In order to analyze the performance of the whole pipeline (including the single/multi-domain classifier), KluDo was executed on the five widely used benchmarks plus the ASTRAL40 dataset. According to Table 2, unlike the previous analysis, here spectral clustering has performed better in most cases compared to kernel k-means. Also, in all cases employing the LED kernel has led to a better or equal performance compared to the other three kernels with either of the two clustering algorithms (see Additional files 4–6).
Finally, we inspected the performances over four extracted subsets of ASTRAL40 based on the number of domains.
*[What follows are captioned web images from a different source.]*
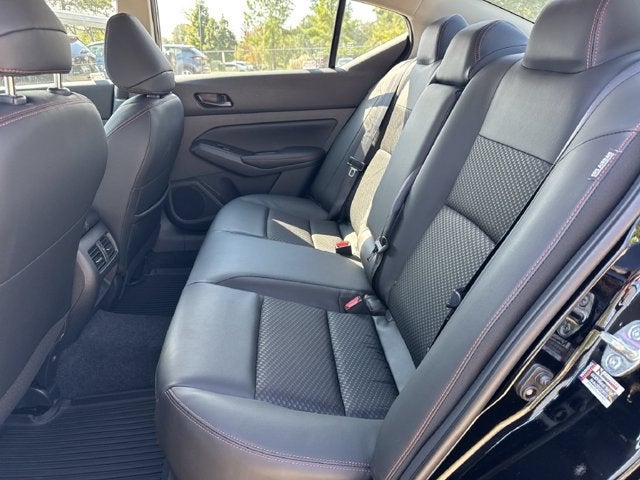 2026 Nissan Altima SR Midnight Edition®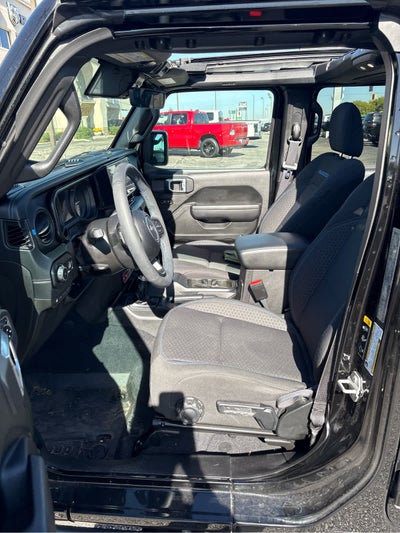 2024 Jeep Wrangler 4xe Rubicon 4xe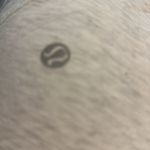 Lululemon  A Muse Me yoga Draped heathered gray Photo 5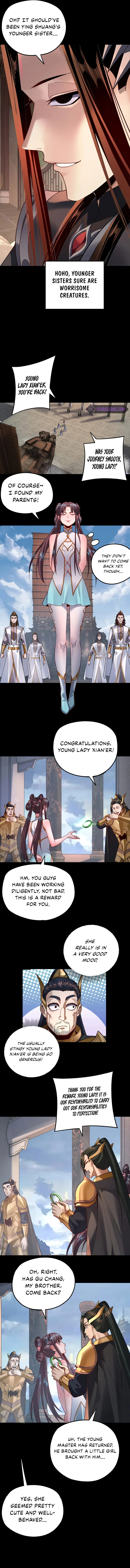 I Am the Fated Villain Chapter 116 — Page 5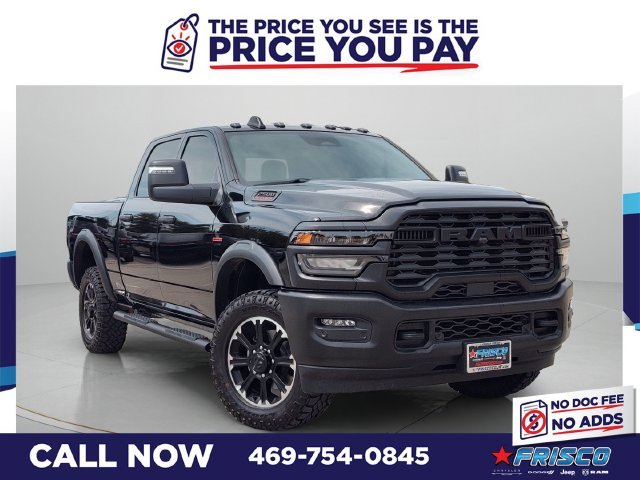 2027 RAM 2500 Warlock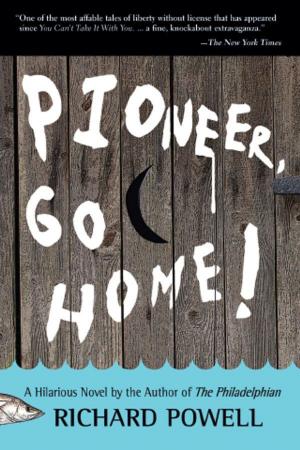 Book cover of Pioneer, Go Home!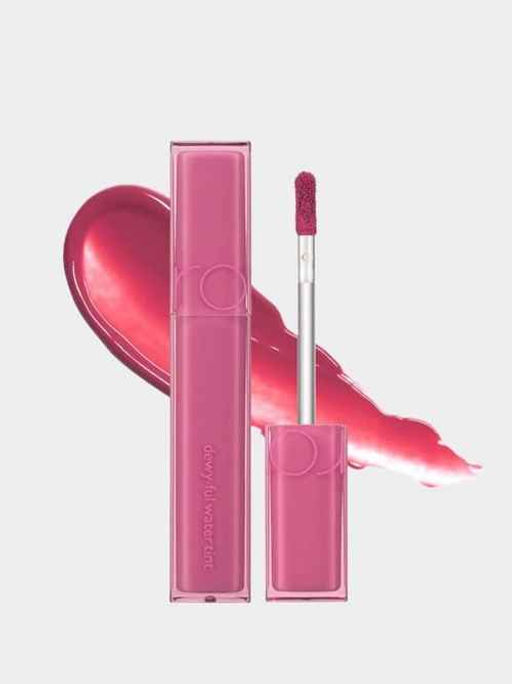 Rom&Nd Dewyful Water Tint 06 Thulian, 5g - Глянцевый увлажняющий тинт для губ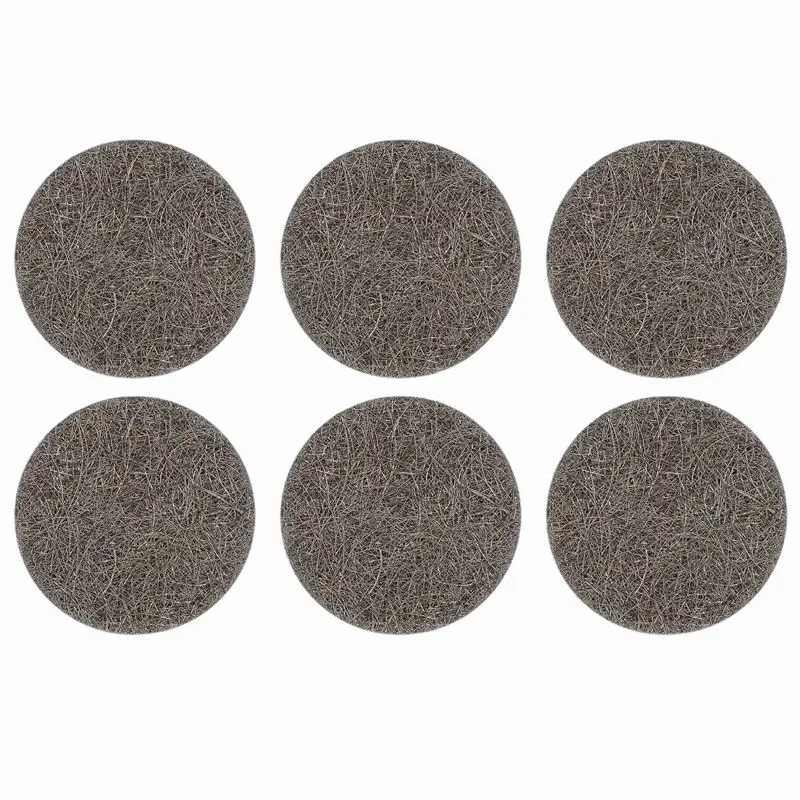 Prominent 6X Car Heater Burner Screen Mesh 40Mmparking Heaters Screen Pad Replacement Part For Webasto Thermo Top E/C/V EVO 4/5
Prominent 6X Car Heater Burner Screen Mesh 40Mmparking Heaters Screen Pad Replacement Part For Webasto Thermo Top E/C/V EVO 4/5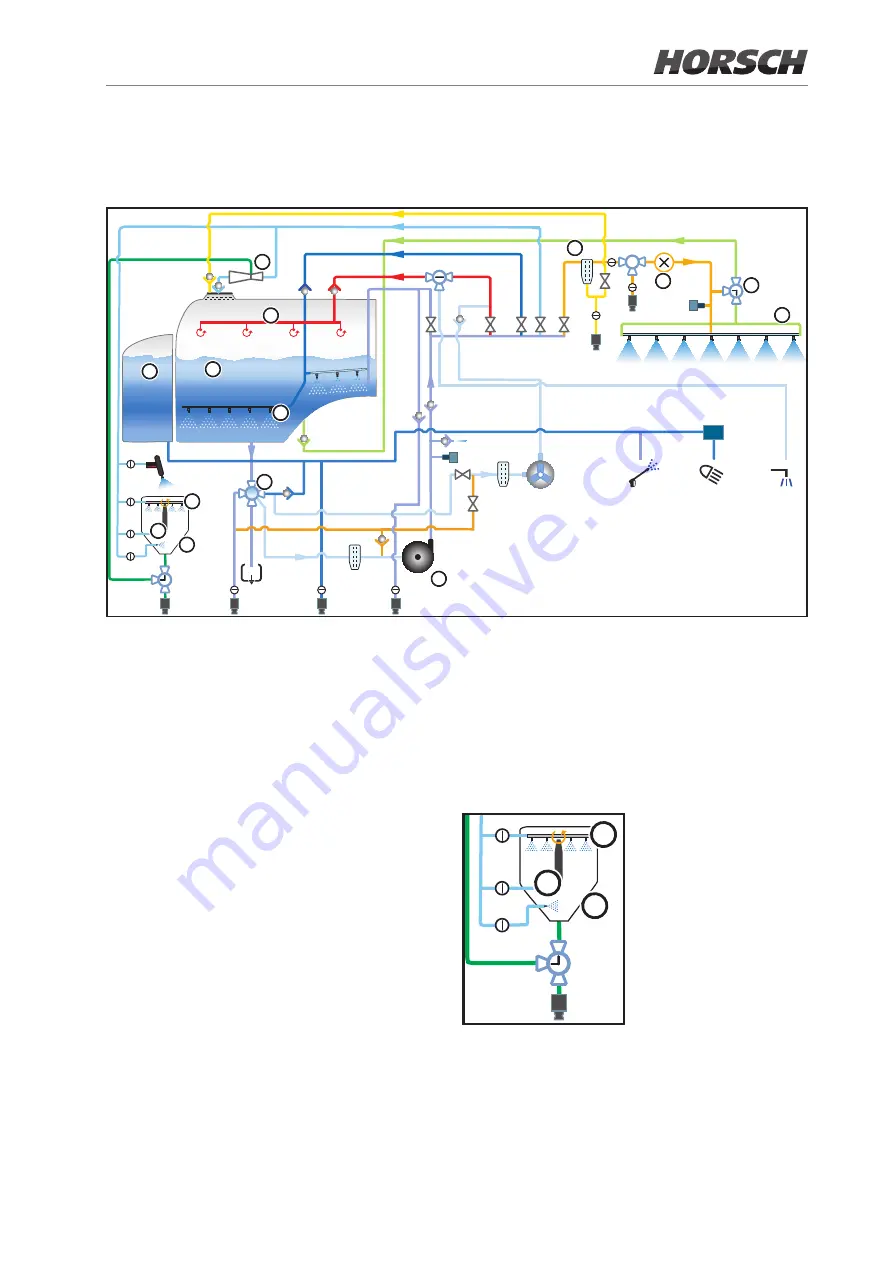 horsch LEEB 4 LT Operating Instructions Manual Download Page 49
The result of the benchmarking using the spectral clustering algorithm and the OL score (with the threshold of 85%) on each subset (based on the SCOP assignments) is summarized in Fig. 8. Incorrect assignments are sorted into overcuts (assigning a higher number of domains than both of the SCOP and CATH assignments), undercuts (fewer domains than both of the SCOP and CATH assignments), boundary inconstancies (less than 85% domain overlapping with either of the SCOP or CATH assignments) and other cases. All kernels show fairly similar precision on single- and two-domain chains. The majority of erroneous delineations in multi-domain chains consist of undercuts and overcuts which in most cases are related to the performance of the single/multi-domain classifier. Also, boundary inconsistencies which are related to the clustering procedure have a low contribution in the false decompositions of the 3- and 4-domain chains (see Additional file 7).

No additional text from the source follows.